2020.12.22

「つなぐ徳島」と「強度の福岡」。昇格2チームはJ1で生き残れるか

  • 小宮良之●文 text by Komiya Yoshiyuki
  • photo by KYODO

 2020年J2最終節、アビスパ福岡対徳島ヴォルティスの一戦は、図らずも優勝決定戦になった。首位の徳島は敵地で2位の福岡と対戦し、1-0と敗れて勝ち点で並ばれたものの、得失点差で上回って優勝を決めた。

 両チームとも、来季はJ1リーグへの挑戦となる。徳島は2014年以来、福岡は2016年以来のJ1復帰だけに、まずは現実的に残留が目標になるだろう。コロナ禍の変則的なリーグ戦とあって、来季は4チームも降格するのだ。

「終わりは始まり」

 徳島の選手は神妙に語っていたが、昇格の祝祭は新たな船出の合図でしかない。はたして、昇格2チームは生き残れるのか。

J2優勝を喜ぶリカルド・ロドリゲス監督と徳島ヴォルティスの選手たち 最終節の戦いは、両チームの戦い方の縮図だったと言える。

 徳島は後方から丁寧にビルドアップし、相手のマークをはがしながら、ボールゲームで優勢に立とうとした。リカルド・ロドリゲス監督が就任してから4年目となり、人は変わってもチームに浸透させてきた戦い方。それがひとつのガイドになって、各ポジションの選手が成長を示してきた。

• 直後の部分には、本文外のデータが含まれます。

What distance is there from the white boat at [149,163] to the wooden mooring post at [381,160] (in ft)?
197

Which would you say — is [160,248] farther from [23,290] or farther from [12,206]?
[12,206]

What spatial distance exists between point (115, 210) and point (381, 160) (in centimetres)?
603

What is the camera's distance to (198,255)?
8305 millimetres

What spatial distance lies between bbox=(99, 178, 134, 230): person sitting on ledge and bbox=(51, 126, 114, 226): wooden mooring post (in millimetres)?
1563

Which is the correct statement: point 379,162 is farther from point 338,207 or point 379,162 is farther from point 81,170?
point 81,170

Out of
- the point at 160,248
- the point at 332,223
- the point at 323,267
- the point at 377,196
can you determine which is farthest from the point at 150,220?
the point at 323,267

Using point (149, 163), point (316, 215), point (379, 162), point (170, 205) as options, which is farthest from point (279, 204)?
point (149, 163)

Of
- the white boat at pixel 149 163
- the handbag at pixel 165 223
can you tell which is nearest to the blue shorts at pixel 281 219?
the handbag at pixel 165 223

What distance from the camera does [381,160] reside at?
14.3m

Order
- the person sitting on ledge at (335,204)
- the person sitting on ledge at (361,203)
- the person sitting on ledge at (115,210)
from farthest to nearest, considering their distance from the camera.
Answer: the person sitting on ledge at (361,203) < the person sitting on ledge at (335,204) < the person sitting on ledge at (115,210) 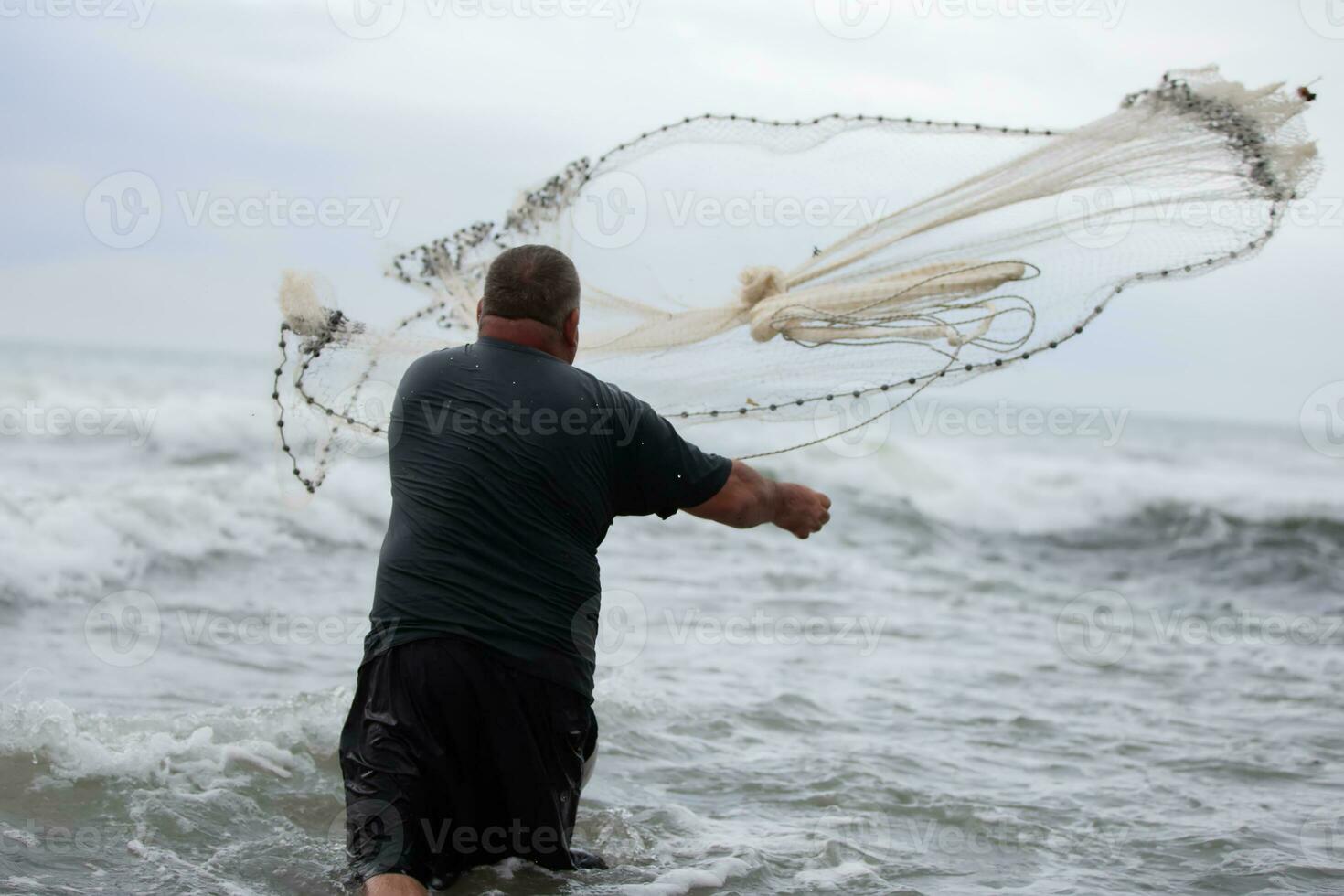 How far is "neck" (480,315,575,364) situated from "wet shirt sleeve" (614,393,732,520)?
0.27m

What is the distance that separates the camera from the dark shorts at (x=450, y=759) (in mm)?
3445

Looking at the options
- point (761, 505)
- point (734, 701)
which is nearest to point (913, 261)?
point (761, 505)

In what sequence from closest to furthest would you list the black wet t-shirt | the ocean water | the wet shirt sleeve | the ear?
the black wet t-shirt, the wet shirt sleeve, the ear, the ocean water

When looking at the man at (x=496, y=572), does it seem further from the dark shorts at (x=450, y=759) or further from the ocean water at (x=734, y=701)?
the ocean water at (x=734, y=701)

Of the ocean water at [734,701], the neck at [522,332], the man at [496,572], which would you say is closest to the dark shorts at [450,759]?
the man at [496,572]

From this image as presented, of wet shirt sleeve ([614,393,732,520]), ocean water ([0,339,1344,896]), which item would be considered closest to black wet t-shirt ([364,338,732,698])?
wet shirt sleeve ([614,393,732,520])

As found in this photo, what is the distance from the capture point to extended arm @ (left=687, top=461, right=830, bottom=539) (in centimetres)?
364

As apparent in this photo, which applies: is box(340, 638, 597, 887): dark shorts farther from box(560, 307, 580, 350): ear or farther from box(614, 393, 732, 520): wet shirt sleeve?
box(560, 307, 580, 350): ear

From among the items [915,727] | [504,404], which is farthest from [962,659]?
[504,404]

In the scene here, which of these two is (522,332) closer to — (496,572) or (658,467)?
(658,467)

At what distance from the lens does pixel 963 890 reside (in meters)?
4.54

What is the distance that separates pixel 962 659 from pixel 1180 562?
331 inches

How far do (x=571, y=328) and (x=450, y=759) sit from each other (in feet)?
4.11

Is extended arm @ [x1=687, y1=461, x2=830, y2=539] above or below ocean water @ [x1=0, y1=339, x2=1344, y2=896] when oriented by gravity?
above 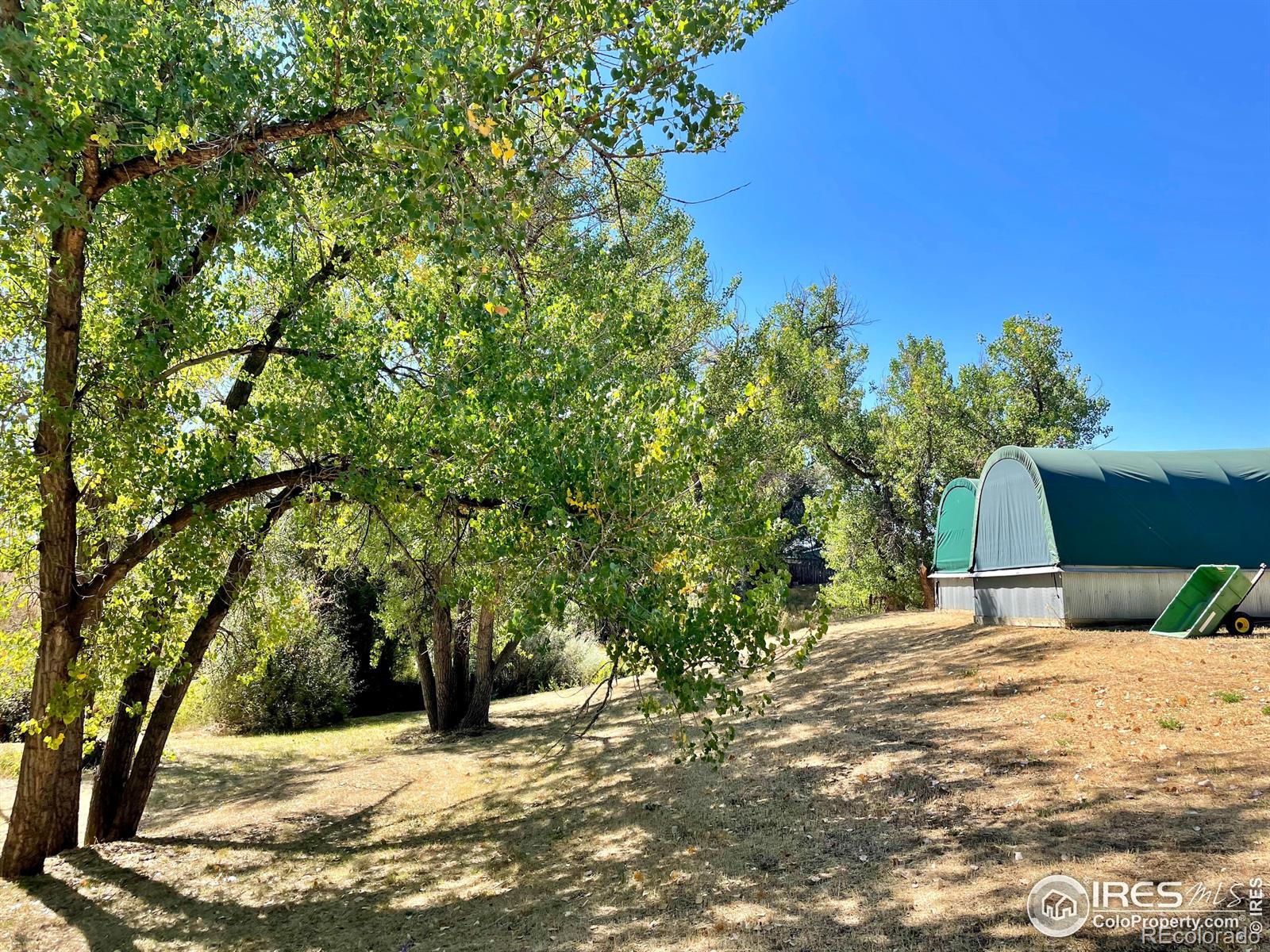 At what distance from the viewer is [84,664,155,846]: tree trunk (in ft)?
30.5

 チームの中心はボランチの一角、岩尾憲だろう。立ち位置がよく、ボールの受け方、入れ方が自然なため、周りとの連係が良く、補完関係を作り出せる。彼がボールを触ることで、劣勢をも挽回できるのだ。

 しかし、自陣からボールをつなぎ、運ぶというのは、サッカーで一番リスクを伴う戦い方だ。ボールを繋いでいる間、どうしても守備は後手に回るだけに、奪われた場合はひっくり返され、失点の可能性が高まる。それを回避するには、並外れた技術と連係が必要になるのだ。

「福岡が前から(守備に)来るのはわかっていて、球際の強さだったり、ホームの後押しだったり、厳しい状況のところでも、どうやって相手をはがすのか、という試合でした。そこで早い時間帯にミスから失点してしまったことは、自分たちのスキルや判断がまだまだ足りなかったんだなとは思います」(徳島・岩尾)

 前半16分、はめてくる福岡に対し、徳島はしつこくつなげようとするが、パスをGKまで下げ、再び組み立てる局面で、鈴木徳真が自陣で入れ替わろうとしてボールを重廣卓也に奪われ、そのままショートカウンターをくらう。そして中に入れられたボールを石津大介に蹴り込まれた。